Captioned web images
# # #

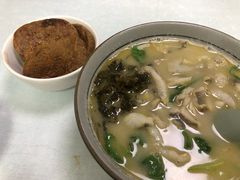 -明呈黄鱼面馆(斜土路店)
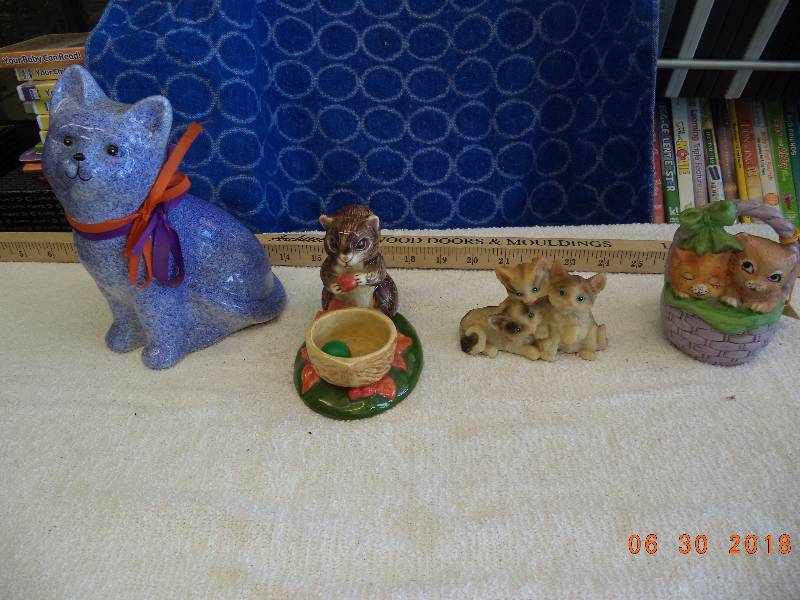 lot 1568 image: Kitty Cat Figurine Lot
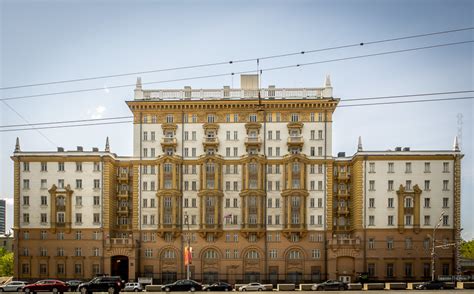 Поиск зарубежного посольства в Москве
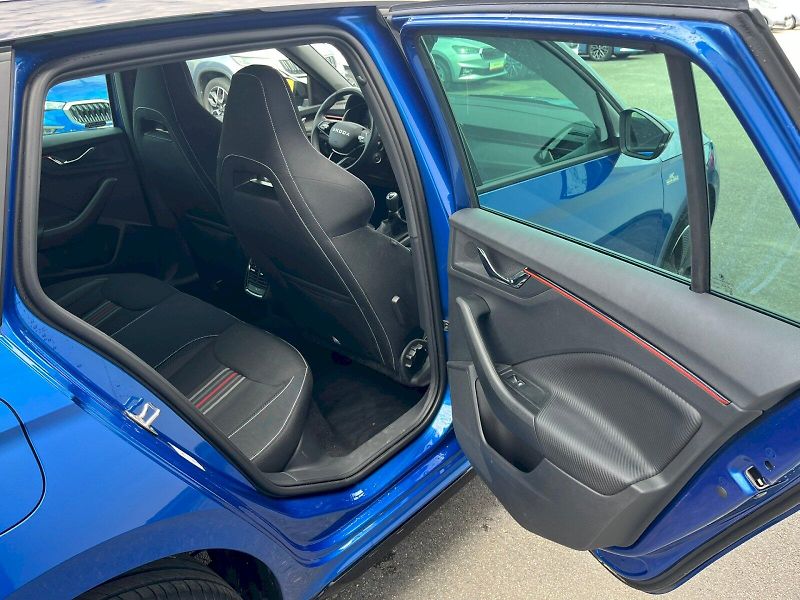 Škoda Kamiq (2025) Monte Carlo TSI 85/1.0 M6F - fotka 15 z 31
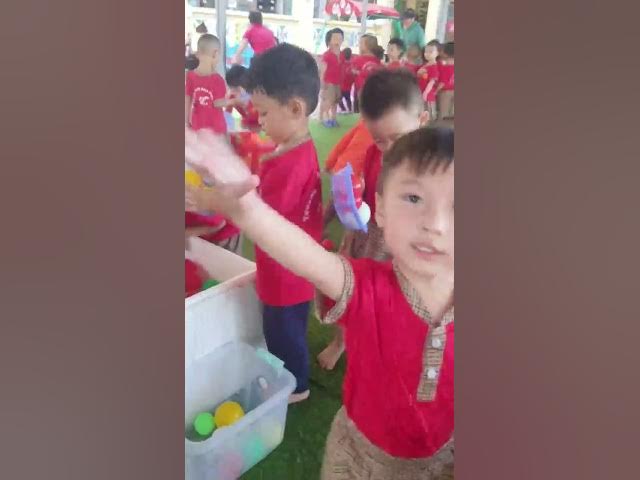 Video thumbnail for lâm chơi bóng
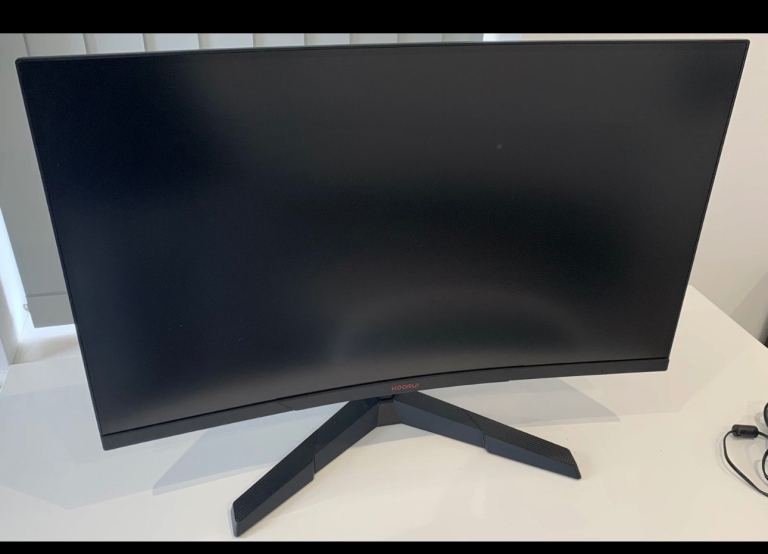 KOORUI 27-inch Curved Gaming Monitor - 2560 * 1440P 144Hz 1ms DP + HDMI - good condition 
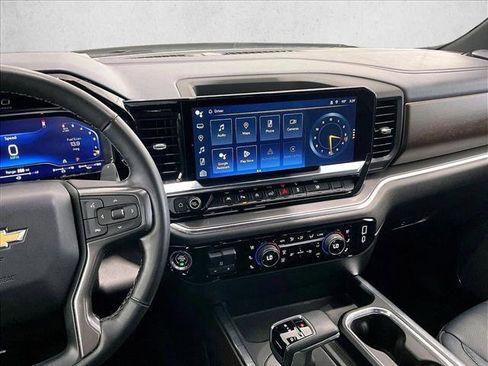 Used 2024 Chevrolet Silverado 1500 High Country RWD image 8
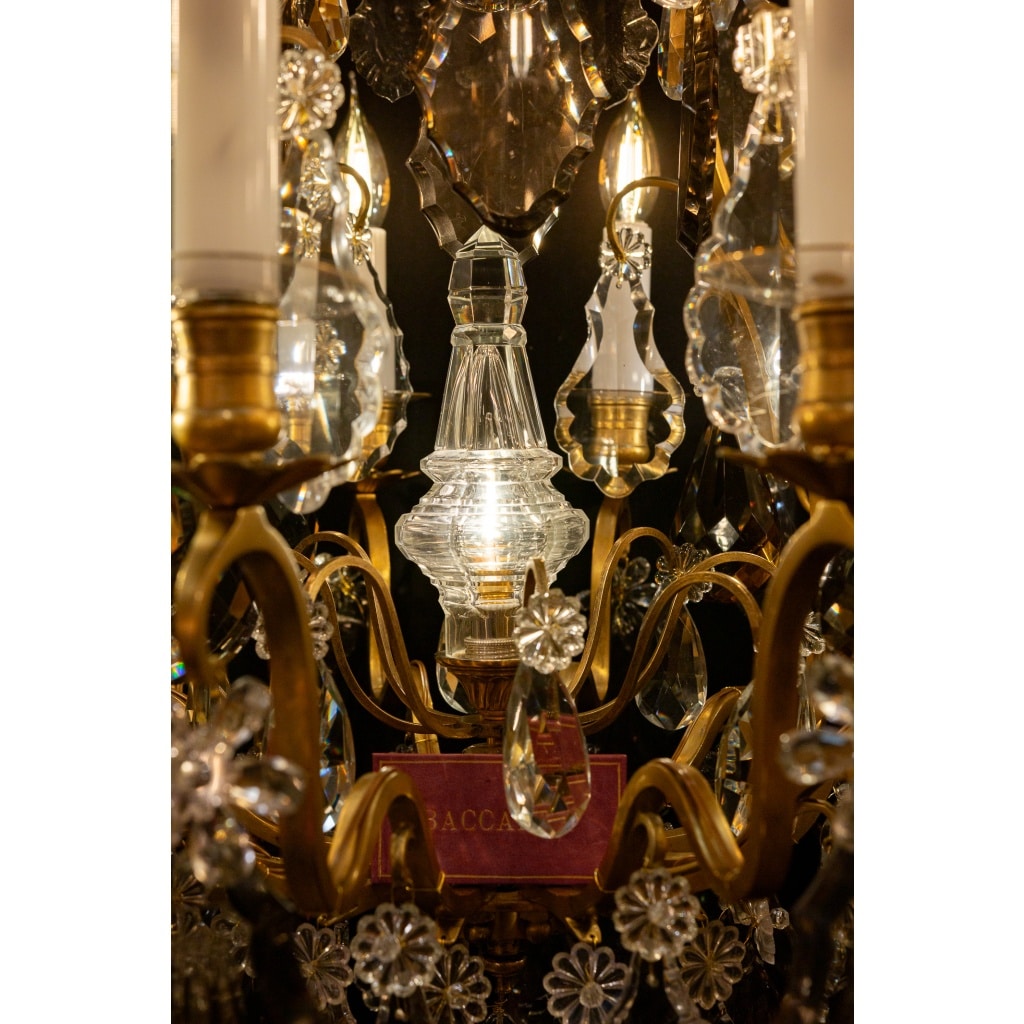 Lustre de style Louis XV en bronze doré et décor de cristal taillé signé par les Cristalleries de Baccarat vers 1890 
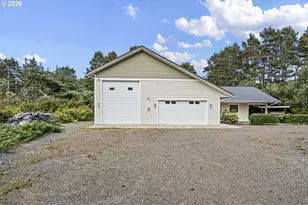 87991 Woodlands Dr, Florence, OR 97439 - Photo 1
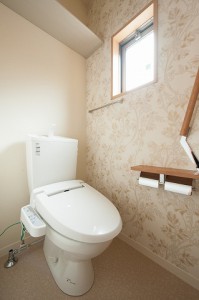 コスモガーデン フラワーのアクセントクロストイレ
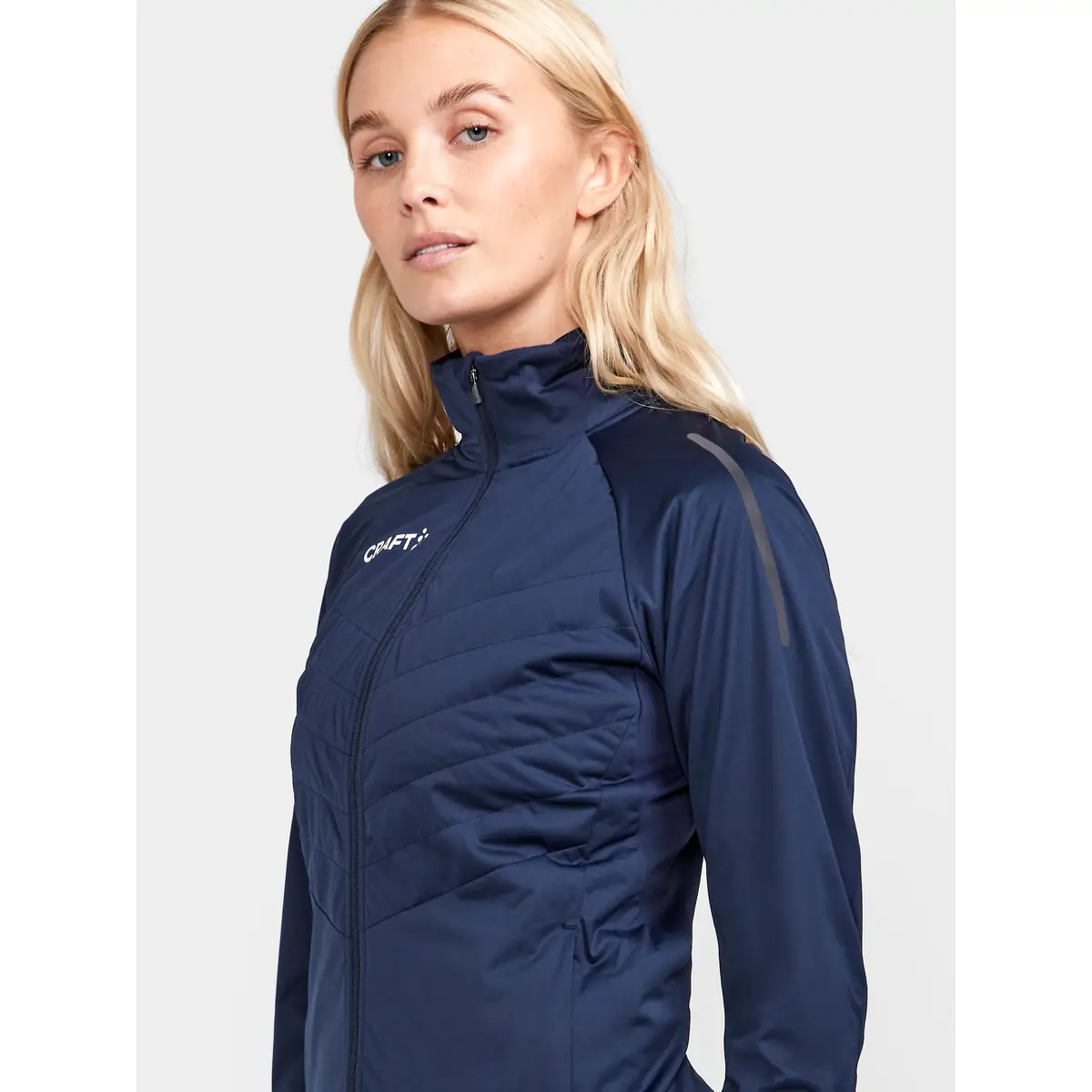 Chaqueta mujer CRAFT ADV NORDIC SKI CLUB JACKET 1912525 18 Chaqueta mujer CRAFT ADV NORDIC SKI CLUB JACKET 1912525, Blaze, con modelo, detalle del cuello y el pecho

# # #

## Assignment
Every line from the one containing "コスモガーデン フラワーのアクセントクロストイレ" through the last line of the records is to be reproduced exactly, with pictures left out and nothing else given.

## Result
 コスモガーデン フラワーのアクセントクロストイレ
 Chaqueta mujer CRAFT ADV NORDIC SKI CLUB JACKET 1912525 18 Chaqueta mujer CRAFT ADV NORDIC SKI CLUB JACKET 1912525, Blaze, con modelo, detalle del cuello y el pecho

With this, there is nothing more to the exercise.